甚至没有她以为会有的“心寒”。
她只是在确认一件事——
这波舆论攻击,是有组织的。
同样的句式,同样的时间节点,同样的“巧合”。
有人在背后推。
是谁?
康泰?
还是那个昨晚来自首、今早又消失了的——
她不知道。
她只是把那些评论截图,存进一个命名为“2026。11。17”的文件夹。
然后把电脑合上。
上午十点三十分。
许宣推门进来。
他脸色很差。
不是愤怒的那种差。
是压抑着某种情绪的、青白交加的那种差。
“你看新闻了?”他问。
“看了。

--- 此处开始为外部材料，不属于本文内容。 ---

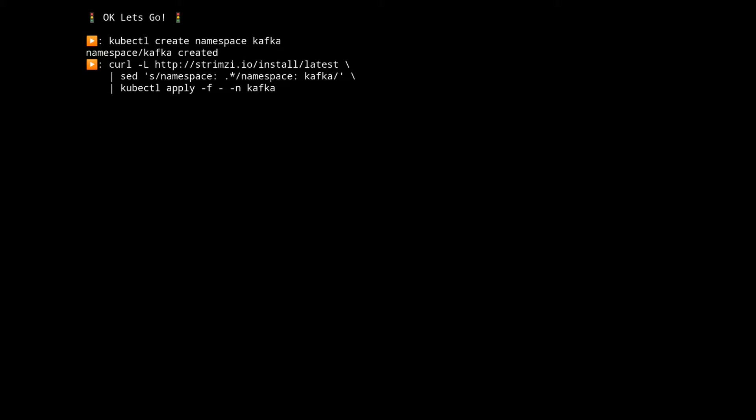And then we're going to pipe all of those to the kubectl apply command which will install those into our Kubernetes cluster.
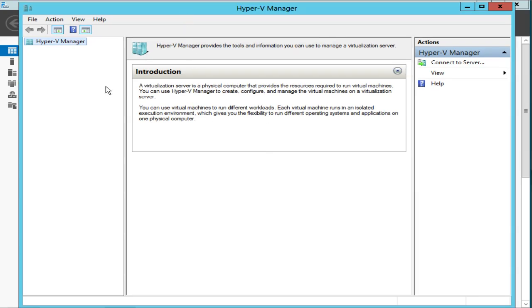Now, in order to manage that one system that we configured—that we want to configure for Hyper-V—we first have to install the Hyper-V role on that system. So we'll go over that in another video.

”
“你怎么——”
“我没事。”白素贞说,“这不是第一次,也不会是最后一次。”
许宣看着她。
“他们骂我可以,”他说,“骂你不可以。”
白素贞怔了一下。
“你打算怎么办?”她问。
许宣从背后拿出一台笔记本电脑。
屏幕亮着。
屏幕亮着。
是许氏生物官方推特的编辑界面。
光标停在正文第一行。
“致所有关心许氏生物的合作伙伴与患者:
关于白素贞女士近日做空康泰生物一事,本人声明如下:
一、白素贞女士的全部做空操作,均基于公开信息与独立研究,从未获取任何内幕消息。此结论已获sec及金融行为监管局联合调查确认。
二、康泰生物检测试剂存在严重质量问题,漏检率高达95%以上,已由许氏生物实验室独立验证。相关数据待同行评议后公开发表。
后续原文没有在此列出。